— WHAT YOU NEED TO DO —
Retype the material so that each line matches the original exactly.

Top of INFORMATION SHOWN

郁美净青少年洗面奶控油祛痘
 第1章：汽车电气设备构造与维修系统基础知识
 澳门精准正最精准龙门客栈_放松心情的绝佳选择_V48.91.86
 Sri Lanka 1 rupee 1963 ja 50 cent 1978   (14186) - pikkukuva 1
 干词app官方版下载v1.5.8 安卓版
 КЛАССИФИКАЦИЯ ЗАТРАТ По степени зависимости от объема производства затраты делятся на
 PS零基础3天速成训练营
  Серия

Bottom of INFORMATION SHOWN

— ANSWER SECTION —
郁美净青少年洗面奶控油祛痘
 第1章：汽车电气设备构造与维修系统基础知识
 澳门精准正最精准龙门客栈_放松心情的绝佳选择_V48.91.86
 Sri Lanka 1 rupee 1963 ja 50 cent 1978   (14186) - pikkukuva 1
 干词app官方版下载v1.5.8 安卓版
 КЛАССИФИКАЦИЯ ЗАТРАТ По степени зависимости от объема производства затраты делятся на
 PS零基础3天速成训练营
  Серия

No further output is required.